By Resident Dale Seiberling —
Just a few minutes before noon on Oct. 16, 2017—a glorious fall afternoon, 13 Kendal residents boarded the Kendal bus for an interesting journey to nearby Utica, Ohio. Ten “gentlewomen” and three gentlemen were soon on their way through the fall agriculture of central Ohio on a journey to Velvet Ice Cream Company. The journey had been arranged by Betty Hullinger. The purpose was to explore the source of nature’s (and the Ohio Dairy Industries’) most satisfying dessert, a twice-a-day feature of Kendal’s “Bistro” Dining facility, though never on the menu.
Within 25 minutes driver Tom had traversed 15 miles of OH16, OH601 and OH62, on a lovely drive over rolling country terrain, with only three traffic lights en route. Two fields of beans and one of corn had been harvested along the way, and combines were working in one field of each near Utica.
Upon leaving the bus at our destination we found our way by Ye Olde Mill to a room where we were immediately engaged in learning about The Ice Cream Capital of Ohio, and its history of 103 years and four generations of the Drager family. Some of us then saw the Museum of Milling as we moved toward the Visitors Center, where several of the third and fourth generation of Dragers were soon speaking to us from a TV screen as our tour guide joined us for our visit. Her opening remarks established the background for the remainder of the story.
Soon we were on our way to the Ice Cream Museum, where we saw a nice variety of memorabilia of America’s developing ice cream industry at the turn of the 20th century, 100 plus years ago. In this area we saw ice cream dippers, milkshake machines, and one of the original ice cream freezers, capable of making 8 quarts in each batch. Today Velvet can produce more than 1,800 gallons each hour, and more than 5,000,000 gallons per year in the form of 3-gallon containers, 56-ounce naturals, half-gallons, pints, 3-ounce and 4-ounce cups, sandwiches and Power Pops.

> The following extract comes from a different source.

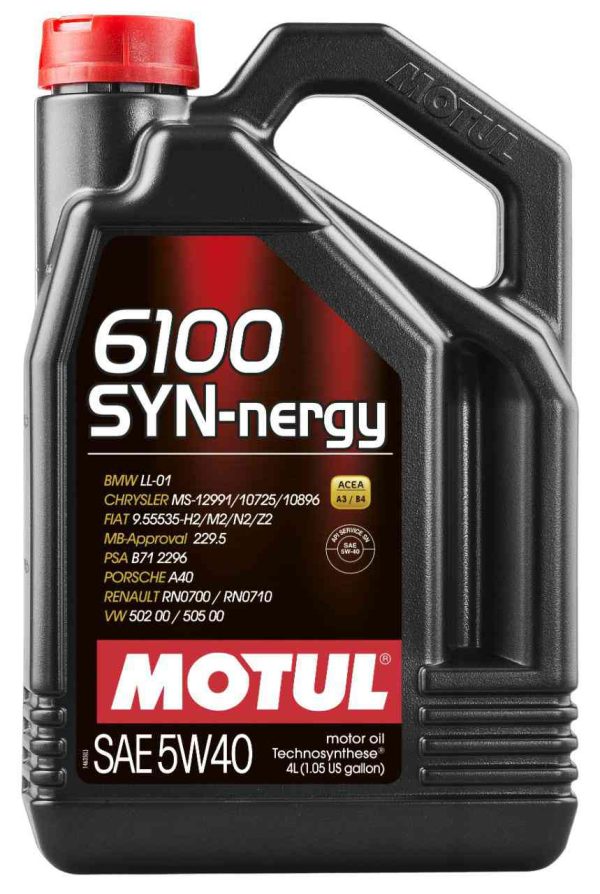 Масло моторное синтетическое Motul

Then we moved on to the Ice Cream Viewing Gallery, an attractive room equipped with bleachers facing large windows overlooking the production (freezing and packaging) area and two TV screens. Our guide shared much information of interest about what we were observing, and about the related operations that we could not see: i.e., mix batching, pasteurization, homogenization, transfer to storage tanks for aging, and finally supply to the flavoring center prior to freezing. Some ice cream production equipment from the ’50s and ’60s was also in this room, a filler, fruit feeder, mix supply vat, and a first generation continuous freezer, similar to one with which your author had personal experience at Hopewell Dairy, Bellefontaine, Ohio, in the mid’50s.
The really good stuff came at the end, as we moved into the Ice Cream Store and Wheel Room Restaurant for a delightful lunch before rejoining Tom for the ride back to Kendal at Granville.